(Dataset records)
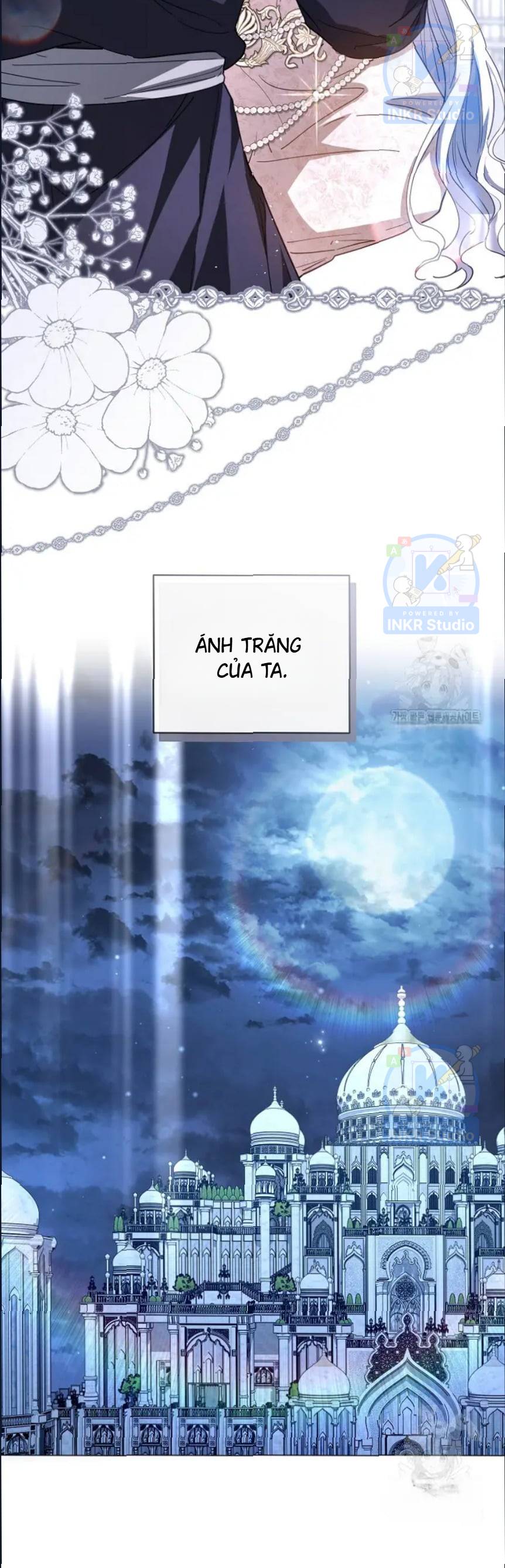 DẤU VẾT CỦA MẶT TRĂNG: Chapter 64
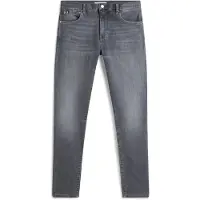 Tommy Hilfiger Calças de ganga 'Bleecker Faded Slim' marinho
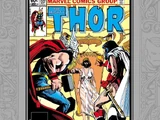 Marvel Masterworks: The Mighty Thor Vol 1 22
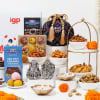 Festive Flavors And Elegance Diwali Hamper Online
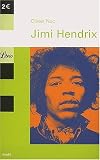 Revue J'ai Lu  / Jimi Hendrix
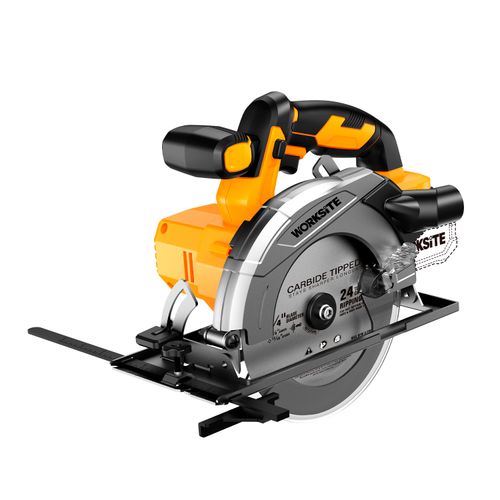 SIERRA WORKSITE CCS334M-G S/BAT 21V CIRCULAR BATERÍA NO INCLUIDA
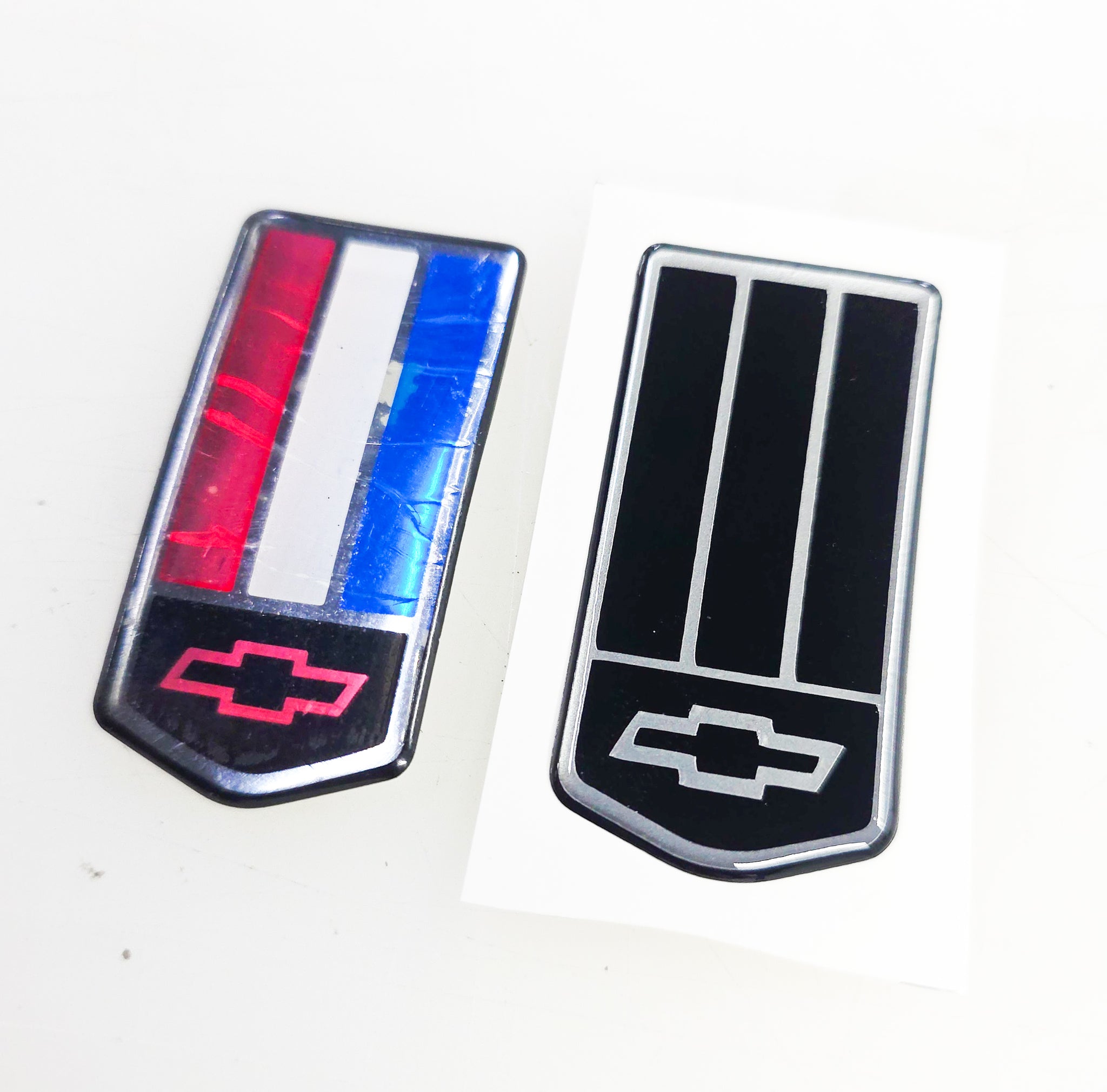 93-02 Chevy Camaro Nose Emblem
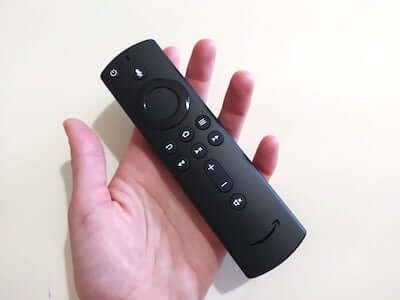 mando alexa fire tv stick 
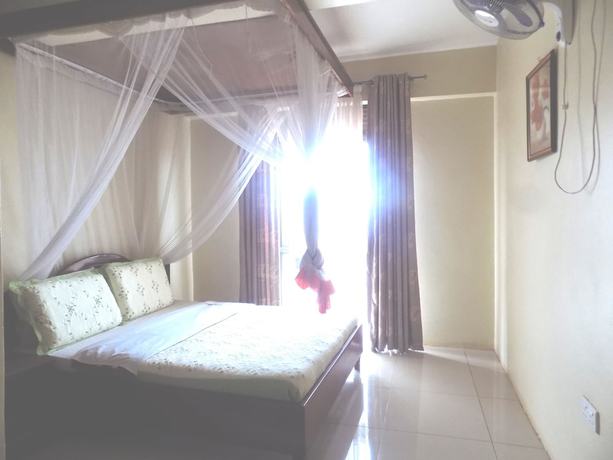 Imagen de la habitación del Hotel Kahondo Buffalo. Foto 6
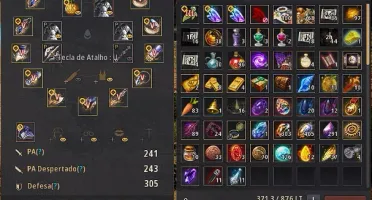 BDO SA - P2W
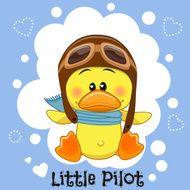 Little Pilot N9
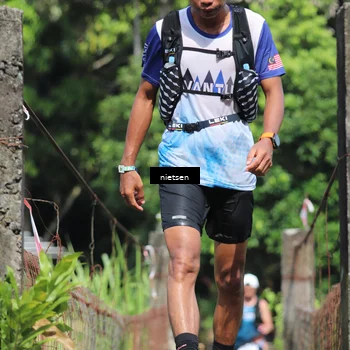 Runner Photo 5233956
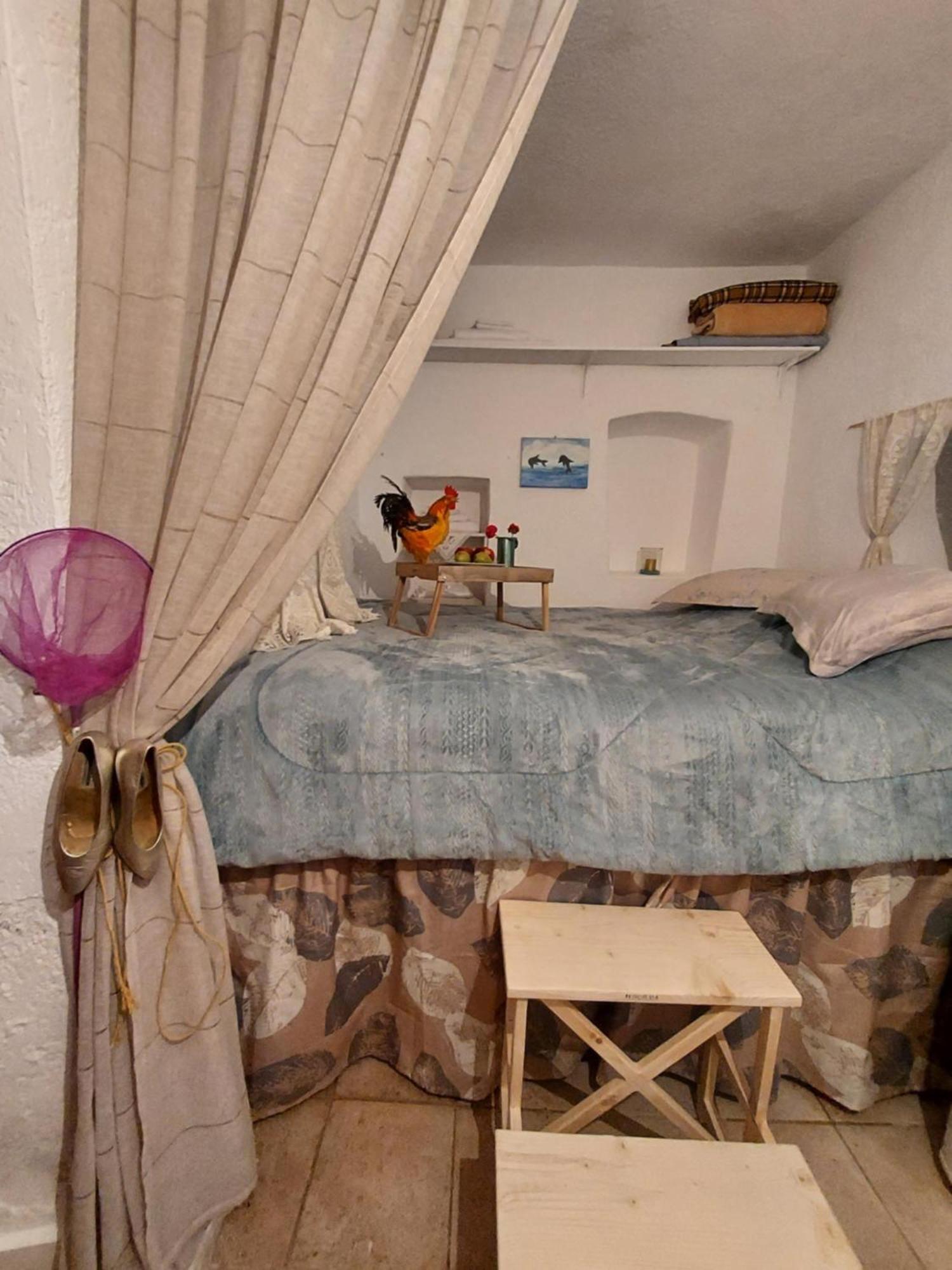 Vila Principessa Telendos Kálymnos Exteriér fotografie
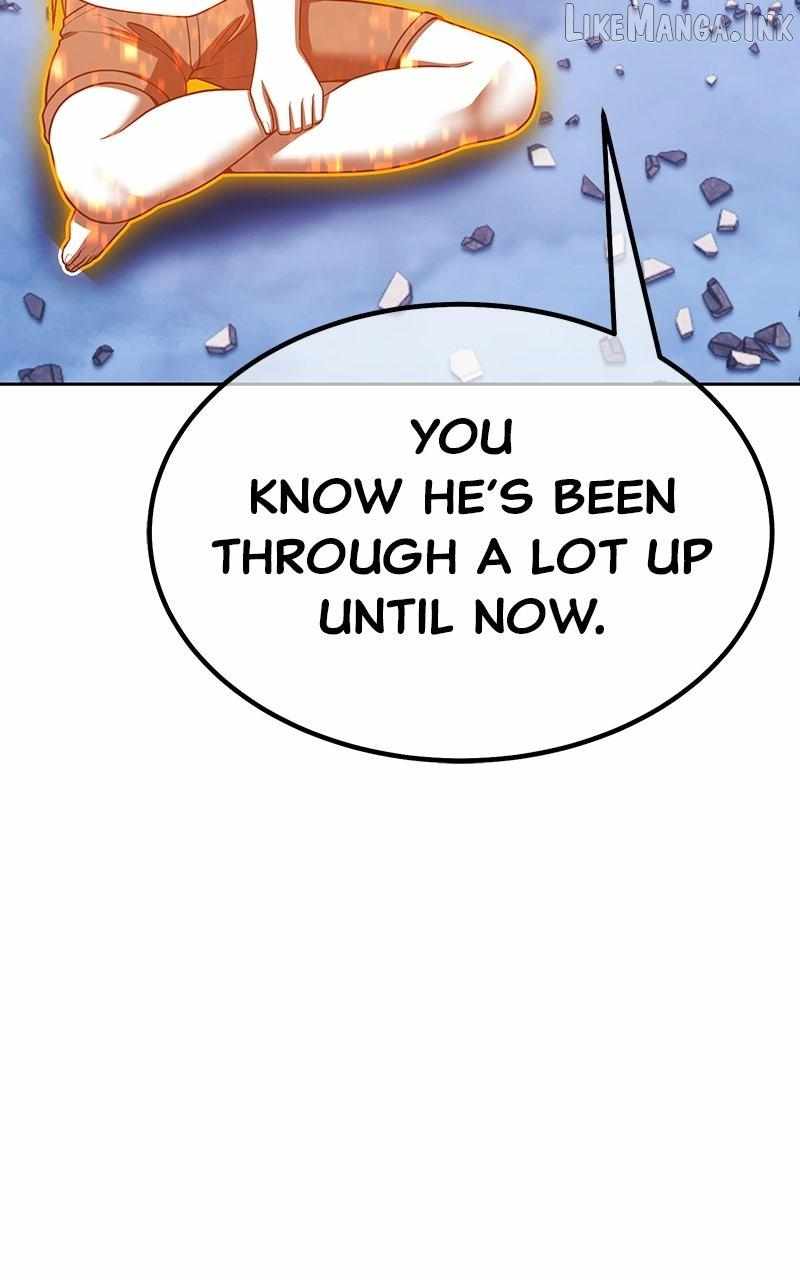 +99 Wooden stick Chapter 204 - Page 343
(End Dataset records)
_What you need to do:_ Please transcribe word for word the lines from the one bearing "Runner Photo 5233956" through the last line of the records above, omitting the pictures.

_Answer section:_
 Runner Photo 5233956
 Vila Principessa Telendos Kálymnos Exteriér fotografie
 +99 Wooden stick Chapter 204 - Page 343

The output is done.